We’re really excited that not one but TWO of our grassroots partners and colleagues, Sameena Nazir and Molly Melching, are finalists for the Guardian International Development Achievement Award. It’s an award that honors the unsung heroes of international development; those who have gone above and beyond the call of duty to make a positive difference in the lives and livelihoods of the world’s most marginalized people. Sameena and Molly need your votes to win!

So, who are these extraordinary women?

Sameena Nazir

Sameena Nazir is a community organizing powerhouse who stands at the crossroads of human rights and development. She is the founding executive director of Potohar Organization for Development Advocacy (PODA) in Pakistan, an AJWS grantee that provides creative training and skills development to women and girls who do not have access to a high school education. Through PODA’s workshops, women produce handicrafts and sell them through Global Goods, an online store that brings fair trade goods to a global market. This generates income for Pakistani women and gives them the visibility, recognition and self-confidence to become economically autonomous. In rural areas, Sameena has built powerful relationships with and between women farmers, and advocated for their inclusion in local and national agricultural sectors. Because of Sameena’s remarkable networking, PODA was equipped to support communities hit by the 2005 earthquake and the 2010 floods that left thousands of women widowed or as the sole care-taker of their children. What’s more, Sameena pioneered a national campaign to recognize a day for women farmers in Pakistan. After years of lobbying, in 2008 Pakistan’s government recognized Sameena’s efforts and declared October 15th the National Day of Rural Women in Pakistan. Each year on October 15th, Sameena organizes a conference that brings together groups of women farmers from across the country to expand their networks, build coalitions and strengthen their businesses.

Molly Melching

Molly Melching first came to Senegal from Illinois in 1974 to study French. She never left.

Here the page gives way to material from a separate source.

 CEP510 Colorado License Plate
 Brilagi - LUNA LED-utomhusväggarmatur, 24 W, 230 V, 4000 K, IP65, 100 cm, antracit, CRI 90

In her early days as a Peace Corps volunteer, she set up a center for street children and established the first children’s radio program to be broadcast in national languages. After years of observing how development and education programs were not meeting the needs of local communities in which Senegal’s official language—French—was not widely spoken, Molly set up Tostan, a foundation dedicated to community-led education and sustainable development. A longtime AJWS partner, Tostan means “breakthrough” in the West African language of Wolof. Over the past 20 years, Tostan has engaged more than 220,000 people in 22 local languages across eight African countries. Molly’s ability to immerse herself in a community and earn the respect of its members enabled her to encourage much-needed dialogue about female genital cutting (FGC), a practice with a long history in West Africa. Tostan’s work to spark community-driven social change has been astounding: 6,236 villages across West Africa have publicly abandoned FGC and Senegal’s government has now woven Molly’s model into a National Action Plan to end FGC in Senegal by 2015.

I can’t think of any women more deserving of the Guardian’s International Development Achievement Award. Vote for Sameena and Molly!